Each day is a fresh performance, one in which I (in my version) am the leading character. Some days I screw up the show and others I win plaudits and ovations. And others I feel like cancelling entirely, but they say the show must go on.
This is a subject I’ve written about before but it warrants further analysis. According to TS Eliot you “prepare a face to meet the faces that you meet” – and I know exactly what he was getting at. Do you wake up with an agenda or merely to get through the day? Either way, you have to decide how you want to face the world and what message you want to give. A few examples:
- If you’re feeling a touch grotty or stressed and want a bit of sympathy, you may choose to look slightly pained in order to elicit questions, or maybe even to answer in the positive while giving negative body language.
- Something good happened to you, you feel happy and you want everyone to know it – even if it makes them feel worse by saying it.
- When asked about a subject, you say “I don’t want to talk about it” – in the full knowledge that reverse psychology will apply and you will be asked about it all the more.
It’s not difficult to come up with a million scenarios, but the face we choose to wear, and that worn by other people in dealing with us, directly and indirectly, has a direct effect. Of course, at work we may choose to wear an entirely professional face and give away nothing personal, but there is always banter over coffee and at the start of every meeting, so you will find it hard to escape some pleasantries about life in general and what you did at the weekend, and thereby to reveal some aspect of your mood and demeanour.

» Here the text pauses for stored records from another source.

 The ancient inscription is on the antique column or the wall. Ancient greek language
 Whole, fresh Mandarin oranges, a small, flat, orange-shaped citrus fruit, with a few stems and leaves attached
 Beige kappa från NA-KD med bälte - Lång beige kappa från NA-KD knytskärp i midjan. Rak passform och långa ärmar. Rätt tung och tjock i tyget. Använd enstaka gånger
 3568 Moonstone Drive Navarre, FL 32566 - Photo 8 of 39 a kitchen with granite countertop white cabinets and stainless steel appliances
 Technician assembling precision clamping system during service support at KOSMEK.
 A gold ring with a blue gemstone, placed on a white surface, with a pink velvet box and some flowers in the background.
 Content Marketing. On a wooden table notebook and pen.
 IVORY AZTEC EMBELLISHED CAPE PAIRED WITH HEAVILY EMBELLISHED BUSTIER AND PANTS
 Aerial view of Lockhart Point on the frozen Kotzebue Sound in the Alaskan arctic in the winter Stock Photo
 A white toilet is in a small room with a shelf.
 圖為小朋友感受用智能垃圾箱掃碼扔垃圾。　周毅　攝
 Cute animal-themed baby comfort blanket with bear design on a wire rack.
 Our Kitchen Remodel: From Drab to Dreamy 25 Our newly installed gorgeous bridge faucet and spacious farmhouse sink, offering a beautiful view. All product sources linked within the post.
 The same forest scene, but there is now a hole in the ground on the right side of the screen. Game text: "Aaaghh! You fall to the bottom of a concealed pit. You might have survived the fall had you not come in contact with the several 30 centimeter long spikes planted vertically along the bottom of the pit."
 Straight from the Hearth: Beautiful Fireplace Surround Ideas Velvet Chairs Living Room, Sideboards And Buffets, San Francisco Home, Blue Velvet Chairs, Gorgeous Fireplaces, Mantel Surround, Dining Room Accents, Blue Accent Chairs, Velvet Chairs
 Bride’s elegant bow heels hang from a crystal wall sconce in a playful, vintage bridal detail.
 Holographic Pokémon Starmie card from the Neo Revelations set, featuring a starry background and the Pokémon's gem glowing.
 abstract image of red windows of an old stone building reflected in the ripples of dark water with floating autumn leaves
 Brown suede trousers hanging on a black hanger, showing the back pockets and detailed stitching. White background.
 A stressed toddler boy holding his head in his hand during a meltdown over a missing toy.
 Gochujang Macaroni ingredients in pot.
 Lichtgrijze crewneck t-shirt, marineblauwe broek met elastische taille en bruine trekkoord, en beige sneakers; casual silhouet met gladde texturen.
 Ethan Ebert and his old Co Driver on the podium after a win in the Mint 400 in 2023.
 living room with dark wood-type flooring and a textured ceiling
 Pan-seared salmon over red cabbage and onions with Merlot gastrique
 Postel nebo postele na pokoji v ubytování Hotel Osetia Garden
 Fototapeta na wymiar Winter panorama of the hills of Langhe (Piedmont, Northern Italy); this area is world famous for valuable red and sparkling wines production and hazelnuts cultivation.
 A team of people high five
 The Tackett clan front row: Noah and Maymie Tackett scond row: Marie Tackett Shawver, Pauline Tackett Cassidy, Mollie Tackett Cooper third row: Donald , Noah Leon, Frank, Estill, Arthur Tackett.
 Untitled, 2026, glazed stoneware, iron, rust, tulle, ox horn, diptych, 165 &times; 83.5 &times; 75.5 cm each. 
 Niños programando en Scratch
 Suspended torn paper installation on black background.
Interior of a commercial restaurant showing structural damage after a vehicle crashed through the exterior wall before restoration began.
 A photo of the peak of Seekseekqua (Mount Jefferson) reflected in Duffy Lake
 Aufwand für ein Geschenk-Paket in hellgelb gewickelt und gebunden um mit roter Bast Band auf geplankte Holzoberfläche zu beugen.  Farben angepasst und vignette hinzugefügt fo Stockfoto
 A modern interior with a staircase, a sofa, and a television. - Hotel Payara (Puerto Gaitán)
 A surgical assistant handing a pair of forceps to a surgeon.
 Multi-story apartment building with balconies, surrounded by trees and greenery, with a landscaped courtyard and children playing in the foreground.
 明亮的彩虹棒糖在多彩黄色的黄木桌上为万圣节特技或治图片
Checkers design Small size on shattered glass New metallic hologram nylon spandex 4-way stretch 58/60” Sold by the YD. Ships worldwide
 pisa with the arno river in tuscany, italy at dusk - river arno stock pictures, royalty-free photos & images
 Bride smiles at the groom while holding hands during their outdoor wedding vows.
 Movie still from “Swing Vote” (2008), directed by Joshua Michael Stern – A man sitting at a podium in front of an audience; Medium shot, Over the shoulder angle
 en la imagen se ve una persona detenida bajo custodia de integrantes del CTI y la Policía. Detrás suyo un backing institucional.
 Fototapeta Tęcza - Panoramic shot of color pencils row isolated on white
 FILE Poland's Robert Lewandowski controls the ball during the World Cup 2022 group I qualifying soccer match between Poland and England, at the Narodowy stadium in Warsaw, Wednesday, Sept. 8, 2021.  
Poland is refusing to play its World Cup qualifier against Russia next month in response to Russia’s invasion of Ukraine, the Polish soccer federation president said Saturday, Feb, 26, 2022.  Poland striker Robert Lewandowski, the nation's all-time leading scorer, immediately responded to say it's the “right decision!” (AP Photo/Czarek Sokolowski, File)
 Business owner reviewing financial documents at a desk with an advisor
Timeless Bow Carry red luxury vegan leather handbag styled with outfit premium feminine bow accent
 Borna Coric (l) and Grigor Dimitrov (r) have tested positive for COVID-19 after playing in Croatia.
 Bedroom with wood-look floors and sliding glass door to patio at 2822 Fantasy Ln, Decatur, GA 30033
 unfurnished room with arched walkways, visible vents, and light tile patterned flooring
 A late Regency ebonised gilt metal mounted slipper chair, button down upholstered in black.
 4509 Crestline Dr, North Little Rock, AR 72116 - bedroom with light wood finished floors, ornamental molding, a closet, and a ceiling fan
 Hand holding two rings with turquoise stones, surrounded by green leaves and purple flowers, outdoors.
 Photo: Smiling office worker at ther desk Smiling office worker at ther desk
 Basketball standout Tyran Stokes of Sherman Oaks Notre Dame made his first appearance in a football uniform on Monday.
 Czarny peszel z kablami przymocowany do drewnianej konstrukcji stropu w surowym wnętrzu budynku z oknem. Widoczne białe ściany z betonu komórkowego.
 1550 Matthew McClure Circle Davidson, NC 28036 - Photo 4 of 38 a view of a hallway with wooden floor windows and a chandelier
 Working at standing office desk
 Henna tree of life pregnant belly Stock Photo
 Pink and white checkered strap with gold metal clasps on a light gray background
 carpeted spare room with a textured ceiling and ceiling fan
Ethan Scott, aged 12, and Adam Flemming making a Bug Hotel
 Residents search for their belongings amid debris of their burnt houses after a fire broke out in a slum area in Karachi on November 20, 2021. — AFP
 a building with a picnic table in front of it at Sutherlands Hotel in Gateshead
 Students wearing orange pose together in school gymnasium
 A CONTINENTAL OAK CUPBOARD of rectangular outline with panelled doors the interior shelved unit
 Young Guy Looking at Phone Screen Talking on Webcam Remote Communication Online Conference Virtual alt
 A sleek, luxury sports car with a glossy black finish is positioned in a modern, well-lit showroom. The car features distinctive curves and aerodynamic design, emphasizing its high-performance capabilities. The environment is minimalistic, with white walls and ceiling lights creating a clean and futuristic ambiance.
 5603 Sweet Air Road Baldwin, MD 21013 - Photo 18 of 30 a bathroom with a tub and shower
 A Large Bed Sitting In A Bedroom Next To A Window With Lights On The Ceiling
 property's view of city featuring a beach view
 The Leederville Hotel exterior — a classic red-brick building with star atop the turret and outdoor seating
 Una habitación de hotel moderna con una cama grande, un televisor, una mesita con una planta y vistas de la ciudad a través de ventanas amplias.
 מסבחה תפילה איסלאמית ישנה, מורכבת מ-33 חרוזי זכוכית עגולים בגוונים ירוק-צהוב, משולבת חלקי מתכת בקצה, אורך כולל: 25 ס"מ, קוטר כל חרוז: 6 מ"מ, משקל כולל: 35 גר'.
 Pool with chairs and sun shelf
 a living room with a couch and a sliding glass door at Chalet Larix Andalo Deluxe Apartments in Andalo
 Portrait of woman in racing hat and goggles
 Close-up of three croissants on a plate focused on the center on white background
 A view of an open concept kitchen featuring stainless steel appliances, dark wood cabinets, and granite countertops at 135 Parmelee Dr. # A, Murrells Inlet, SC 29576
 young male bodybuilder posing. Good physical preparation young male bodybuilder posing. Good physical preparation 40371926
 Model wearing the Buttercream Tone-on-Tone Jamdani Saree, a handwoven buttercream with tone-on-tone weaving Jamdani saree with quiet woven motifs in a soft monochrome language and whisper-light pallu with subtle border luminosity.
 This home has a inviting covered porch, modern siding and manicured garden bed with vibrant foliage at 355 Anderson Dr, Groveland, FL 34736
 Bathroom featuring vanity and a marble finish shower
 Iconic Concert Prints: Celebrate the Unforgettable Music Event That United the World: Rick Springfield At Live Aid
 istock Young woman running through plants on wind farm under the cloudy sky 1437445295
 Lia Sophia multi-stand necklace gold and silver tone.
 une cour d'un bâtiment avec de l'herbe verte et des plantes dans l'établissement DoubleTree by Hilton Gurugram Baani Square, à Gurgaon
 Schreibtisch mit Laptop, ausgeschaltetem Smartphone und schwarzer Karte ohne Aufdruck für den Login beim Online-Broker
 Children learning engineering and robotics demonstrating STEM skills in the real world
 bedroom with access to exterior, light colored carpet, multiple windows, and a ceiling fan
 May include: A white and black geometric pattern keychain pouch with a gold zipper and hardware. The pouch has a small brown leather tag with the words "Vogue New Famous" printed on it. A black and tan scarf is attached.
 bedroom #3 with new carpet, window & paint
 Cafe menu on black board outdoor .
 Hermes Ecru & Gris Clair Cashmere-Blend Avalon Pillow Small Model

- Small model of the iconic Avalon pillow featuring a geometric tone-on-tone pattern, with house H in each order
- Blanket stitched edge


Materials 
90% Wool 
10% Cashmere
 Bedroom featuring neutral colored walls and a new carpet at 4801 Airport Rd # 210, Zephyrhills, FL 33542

The question you have to answer is how far you allow that précis of your current state of mind to reveal your true self, and the extent to which you will place obstacles in the way, but the issue is really that we want people to be sympathetic to us so whatever face we adopt the primary objective is always to win love and admiration in one form or another – and if they fear us that could be one form of influence over them.
Of course it’s easy to say you won’t give away any information but your subconscious often betrays you in the form of body language or other clues to what is really going on, and these might be picked up more readily by the more perceptive observer than any deliberate attempts to manipulate. As a species we are well equipped to differentiate between the reality we choose to hide and the one we would prefer to project, though not everybody uses those skills to good effect. Perhaps we deliberately ignore the clues because we want to believe the words?